Proposeds API in the RFC
CompilationConfig
, as proposed in this RFC, aims to improve UX by wrapping a list of targets, runtime and execution information in an extra layer of abstraction.
The core API is demonstrated in the RFC as:
config = CompilationConfig(
target_host=target,
targets=[target],
executor=Executor("aot", {"interface-api": "c", "unpacked-api": True}),
runtime=Runtime("crt", {"system-lib": True})
)
To improve the developer experience, a few other APIs are proposed along with the data structure:
CompilationConfigNode::GetExecutor();
CompilationConfigNode::ShouldLinkParams();
The compilation workflow changes from building with Target
to building with CompilationConfig
, as demonstrated below:
// The current API
void Build(IRModule mod, const Target& target, ...);
// The proposed API
void Build(IRModule mod, const CompilationConfig& config, ...);
Existing Work
As proposed in the target specification and composite target RFCs, the existing effort converges to the following items.
First, host
is folded into the Target object, and the target_host
parameter in existing build APIs, in fact, are left for backward compatibility. The CheckAndUpdateHostConsistency
API developed by @zxybazh, is only used for backward compatibility reasons. Right now, the canonical way to specify targets with customized host is as easy as:
target = tvm.target.Target("cuda", host="llvm")
Second, in terms of multi-target and heterogeneous support, composite target is adopted as the current approach. Comparing composite target, which is target host plus a list of targets, with the proposed CompilationConfig
, which is also target host plus a list of target, it seems very much following the same idea, while CompilationConfig
is an extra layer of abstraction.
Third, canonical form of a Target is a JSON object, not a pain string. The target implementation already supports hierarchical parsing, e.g. target inside target inside array, etc. To support executor and runtime with attributes, we could extend the parser to support converting a JSON sub-object to an Executor/Runtime object, which is very much doable.
Discussion on the RFC
Overall, the RFC brings a dramatic change to the compilation infrastructure. This effort enforces a new assumption that we only have a single executor and a single runtime. However, I could see clean alternatives with more expressiveness, less effort required, no breaking change, but achieve the same goal.

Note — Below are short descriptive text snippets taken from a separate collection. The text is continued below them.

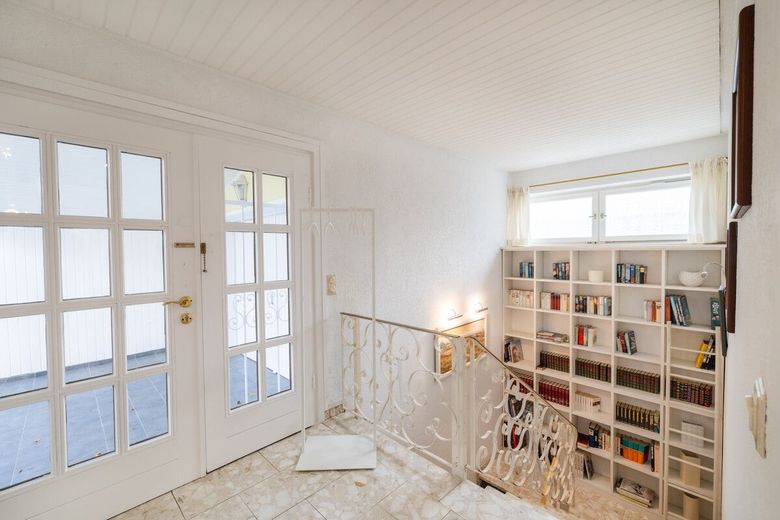 Helles, modernes Einfamiienhaus mit Terrasse - Balkon + Garten in Hümmerich - Preisreduzierung! – Eingangsbereich Wohnhaus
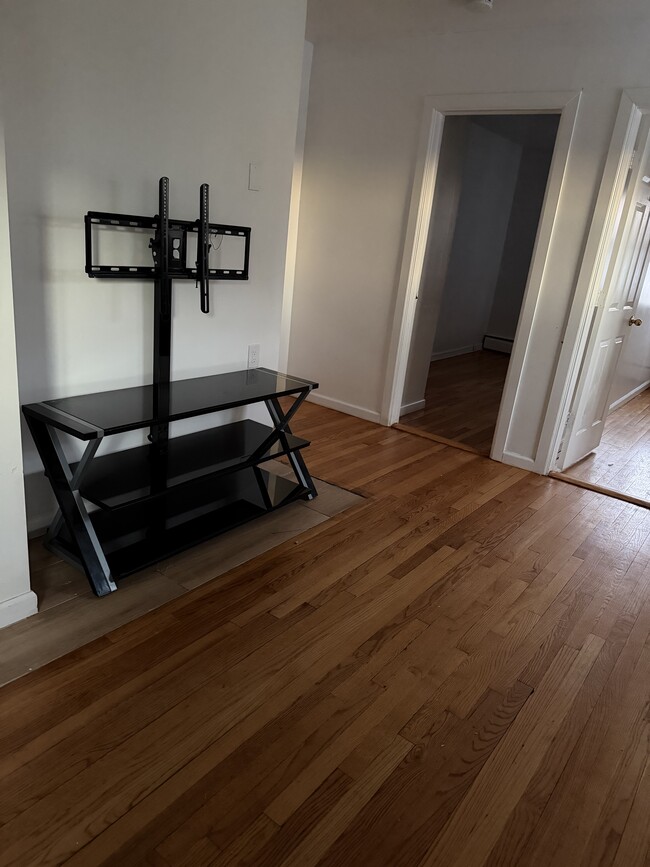 Building Photo - 49 River St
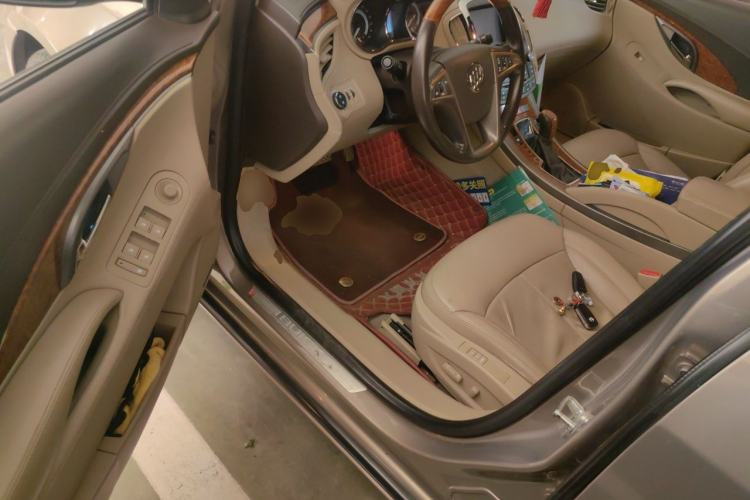 Used Buick LaCrosse 2012 2.4L SIDI Luxury Edition Driver Seat
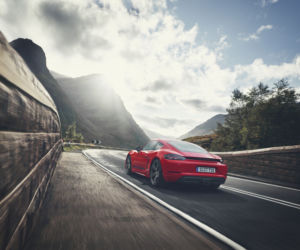 Porsche 718 Cayman T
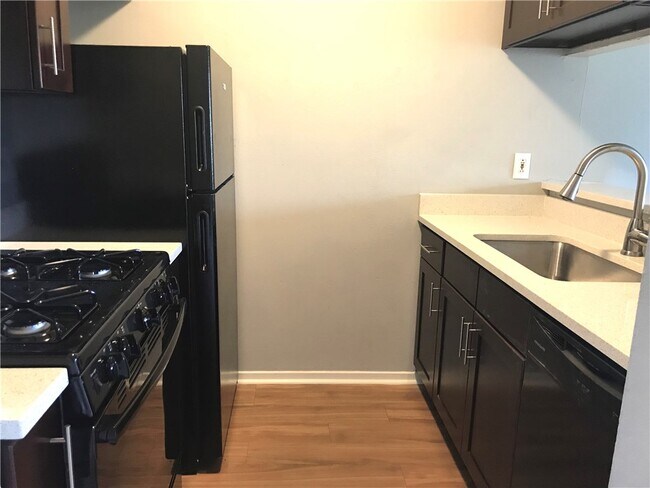 Foto del edificio - 10810 Newmont Rd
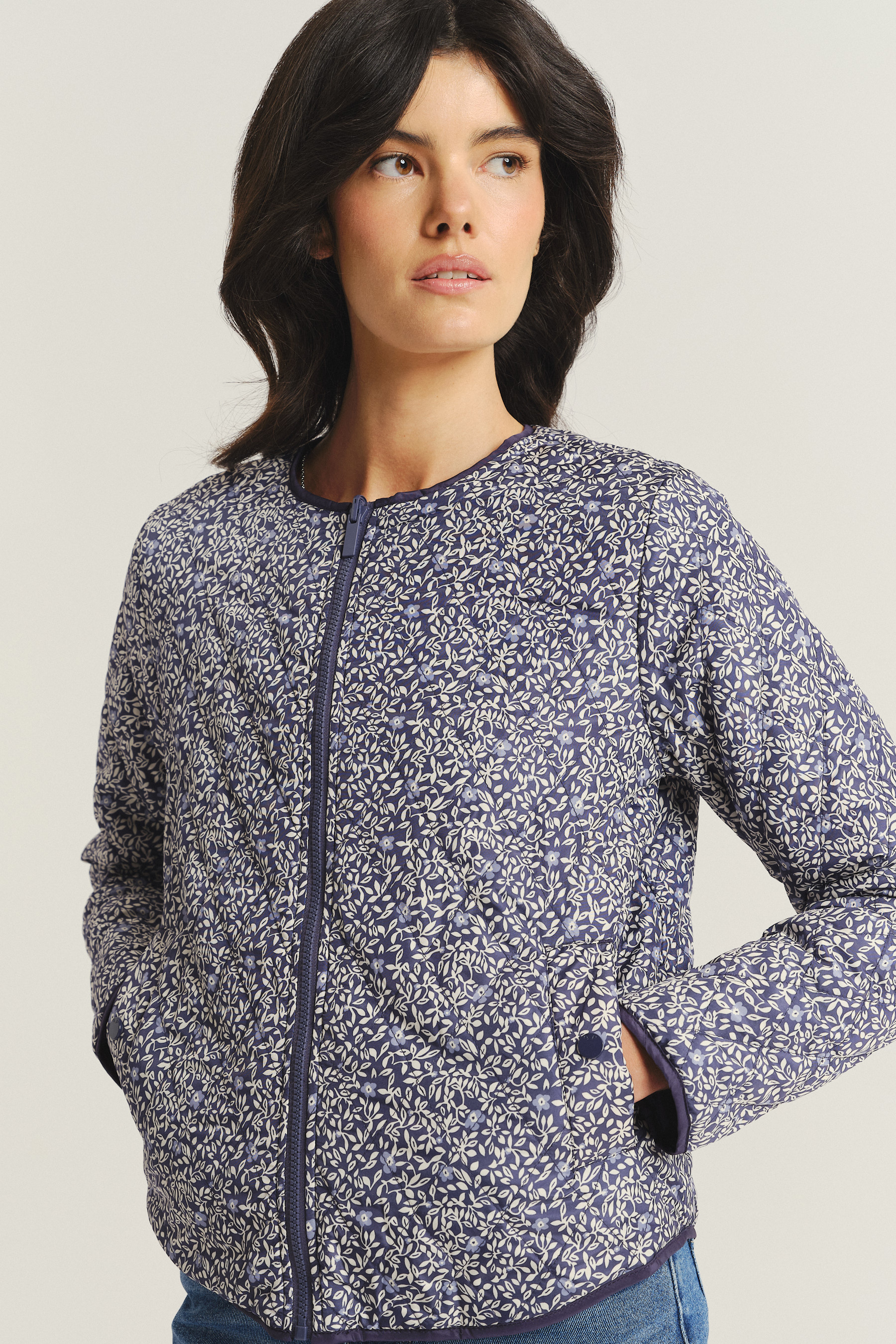 Lekka dwustronna kurtka z nadrukiem w kwiaty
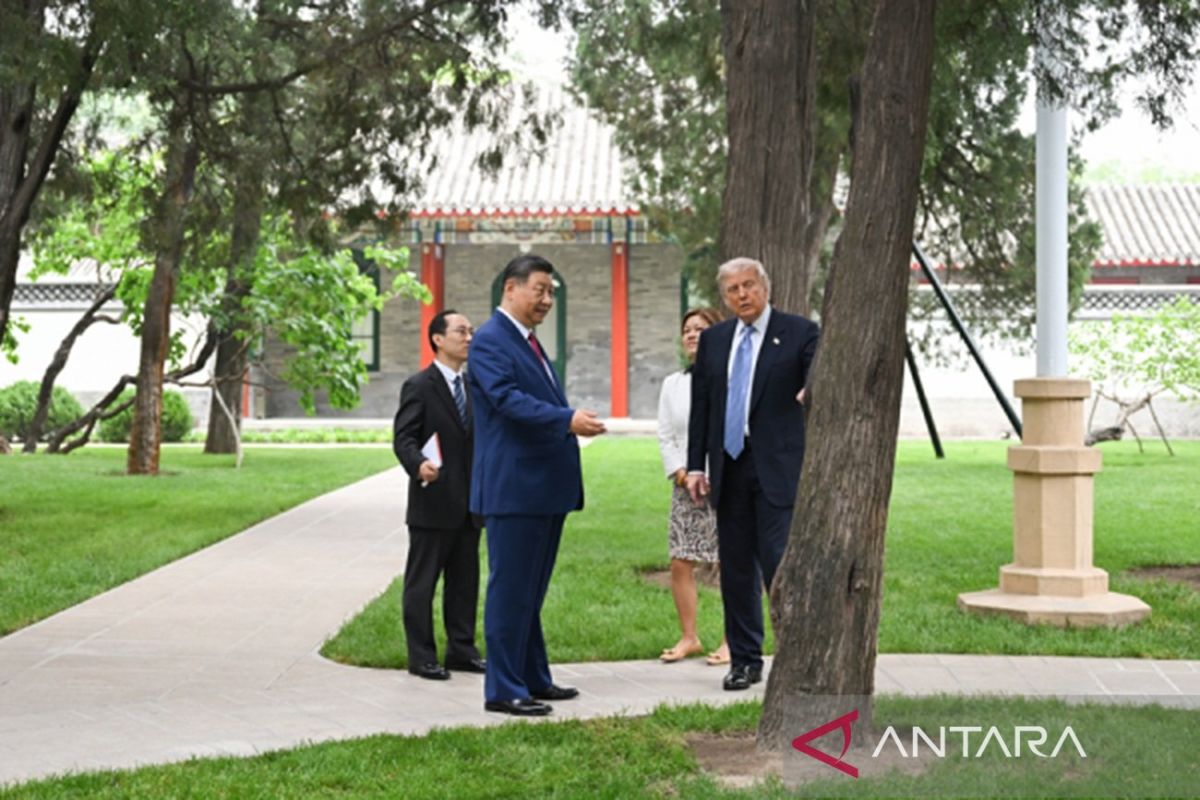Xi Jinping Invites Donald Trump on a Private Tour of Zhongnanhai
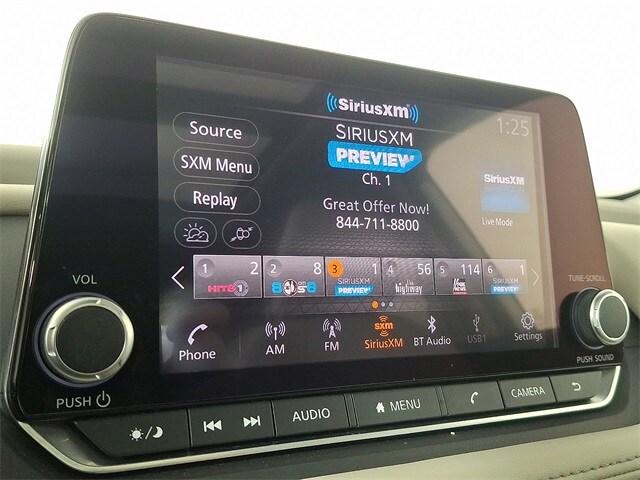 2023 Nissan Rogue SV photo 2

First, under our unified IR efforts, the compilation in TVM is heading towards IRModule
to runtime::Module
abstraction. The executor, to the best of my understanding, is a runtime object that executes some artifacts that some BaseFuncs lowers to. For example, VM executor interprets VM bytecode, AOT executor may run the binary directly. Right now, there are some leaky abstraction, but our goal should be aligned under the direction that we address those leaks instead of bringing in more.
Second, the proposed APIs seem to be possible to be implemented with straightforward helper functions under the current abstraction. To give a line-by-line example:
ir_mod->GetConfig() -> CompilationConfig; // proposed in the RFC
GetTarget(id_mod) -> Target; // alternative
ir_mod->GetExecutor() -> Executor; // proposed in the RFC
GetExecutor(id_mod) -> Executor; // alternative
ir_mod->GetConfig()->ShouldLinkParams() -> bool; // proposed in the RFC
ShouldLinkParams(id_mod) -> bool; // alternative
In short, using accessor pattern here doesn’t bring in actual benefits, and can be replaced by simple helper functions.
Third, the RFC text doesn’t mention how it could improve the UX in TVMC command line. However, I would argue that the UX could be improved simply with target tags. For example, on CUDA GPUs, our target tag system supports creating CUDA targets with a single short string:
target = tvm.target.Target("nvidia/geforce-rtx-3070")
This carries all the information needed for a device, as long as we register them into our system, including compute version, shared memory size, local memory size, etc. This could perfectly solve the UX issue in TVMC by simply allowing target tags as arguments:
tvmc --target "nvidia/geforce-rtx-3070"
Last, there are cases where multiple executors working together. For example, if we want to offload some fragments to TensorRT executor, some to CUDA graph, while keep the rest in the VM, then the Relay function could potentially be partitioned into 3 Relay functions that targets to different executors. With composite target, we are able to attach different executors in the Target object in a more explicit way.
Conclusion
When designing the Target spec, it is intended to be considered as the synonym to CompilationConfig
. I may not have all the context here and my understanding could be limited, but as heavily involved in the Target design, from my PoV, for now the benefit of the RFC seems to be limited to certain issues Target is already able to do. Happy to chat more!